Day 6. Saturday, June 6, 2015 … Compiegne … 70 miles/290 miles … No amount of clenching was going to stop it

6 sink

Sleep update: The same.

Lexapro update: Didn’t take one this morning. Let’s see what happens. Hope I won’t be anxious about not being anxious. Crap, I’m getting anxious just thinking about not being anxious. That’s the thing: Once you start worrying about being anxious, you’re immediately anxious. Like when I get in bed every night and start worrying about not being able to fall asleep.


Today was a beautiful day of riding, about 70 miles from Reims to Compiegne. Once I made it out of Reims, stuck to the small, quiet roads, through vineyards, farms and a little town every 10 miles or so. Stopped in Fere and had some cherries and a banana. In Villers-Cotterets, got a sandwich (frommage avec crudités on a baguette) and a Volvic from a pastry shop. Then headed toward the castle in Pierrefonds. And yes, I do seem to measure my rides in snacks as much as in miles. Volvic is my favorite French “still” mineral water, edging out Evian and Vittel.

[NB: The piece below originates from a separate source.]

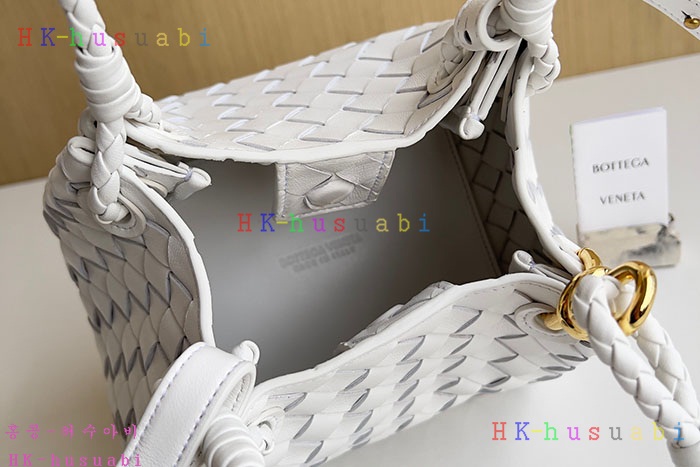 ★미러급★보테가베네타 스몰 파라슈트 796569-5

Decided not to go in the Pierrefonds castle and to just admire it from the outside. I mean, come on, this country is filled with castles. Can’t stop and see every one of them.

Nature is my museum.

Book title: Nature Is My Museum.

The last 10 miles of the ride were on a path, through some woods where all sorts of historic stuff happened. The armistice that ended World War I was signed here on Nov. 11, 1918, in a railway car that became a shrine. And then, on June 22, 1940, after the Germans invaded France and took control of Paris, the French signed an armistice (a surrender?) with the Germans. To rub it in, Hitler had everyone do all the signing in the exact same railroad car on the exact same spot where the Germans surrendered back in 1918.


Hitler got his in the end. The railroad car is long gone, but there is a memorial.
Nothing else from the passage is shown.